It was signed on September 20, 2006, and ratified on November 20, 2007.

On December 6, 2016, after the Justice Committee of the Philippine House of Representatives approved a draft measure on the reimposition of the death sentence, Zeid Ra'ad Al Hussein, the UN Commissioner for Human Rights released an open letter addressed to the Philippine Speaker of the House and the President of the Senate saying, "International law does not permit a State that has ratified or acceded to the Second Optional Protocol to denounce it or withdraw from it." Zaid asserted that there is no "denunciation clause" in the protocol, "thereby guaranteeing the permanent non-reintroduction of the death penalty by States that ratified the Protocol."
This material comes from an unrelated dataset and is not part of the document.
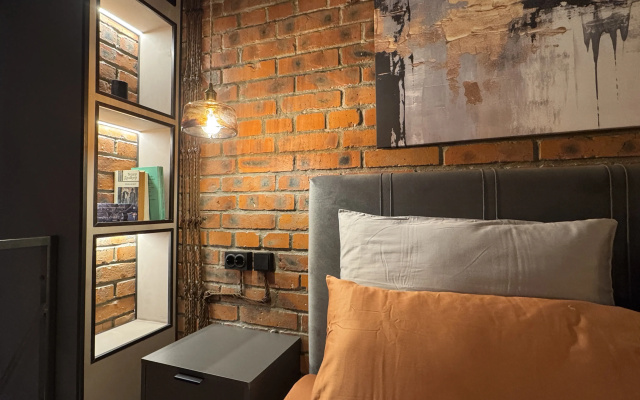 Апартаменты Студия Home Loft
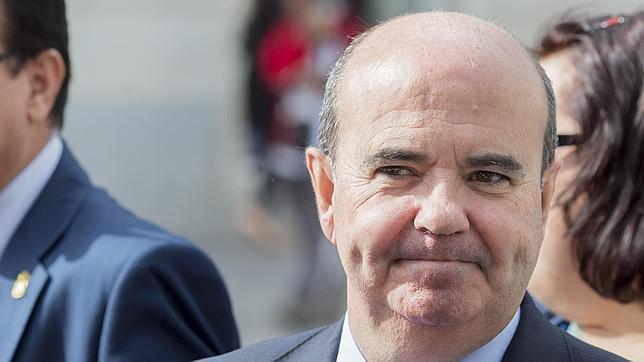 Zarrías: «Ni ahora ni nunca he sido jefe ni superjefe» de Juan Lanzas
Support for reintroduction of capital punishment
After child rapist Peter Scully was arrested in February 2015, several Filipino prosecutors called for the death penalty to be reintroduced for violent sexual crimes. During the 2016 election campaign, presidential candidate and frontrunner Davao City mayor Rodrigo Duterte campaigned to restore the death penalty in the Philippines. During the "Yes or No" segment of the second presidential debate on March 20, 2016, Duterte and Senator Grace Poe were the only candidates who said "Yes" when asked about the restoration of the death penalty in the country, favoring the decision. Duterte, who won the election in May 2016, supports restoration of the death penalty by hanging. It has been reported that he wants capital punishment for criminals involved in illegal drugs, gun-for-hire syndicates and those who commit "heinous crimes" such as rape, robbery or car theft where the victim is murdered, while Poe has stated that the capital punishment should apply to criminals convicted of "drugs and multiple crimes where involved people can no longer be rehabilitated."

Duterte has theatrically vowed "to litter Manila Bay with the bodies of criminals." In December 2016, the bill to resume capital punishment for certain "heinous offenses" swiftly passed in the committee level in the House of Representatives; it passed the full House of Representatives in February 2017. However, the law reinstating the death penalty stalled in the Senate in April 2017, where it did not appear to have enough votes to pass.

In a 2017 poll, 67% of Filipinos supported the death penalty. Actress and rape victim Maggie dela Riva, one of the supporters of the capital punishment, expressed dismay in an interview with TV Patrol that year that only drug-related crimes were included in crimes subject to death penalty, and that heinous crimes such as rape were not included.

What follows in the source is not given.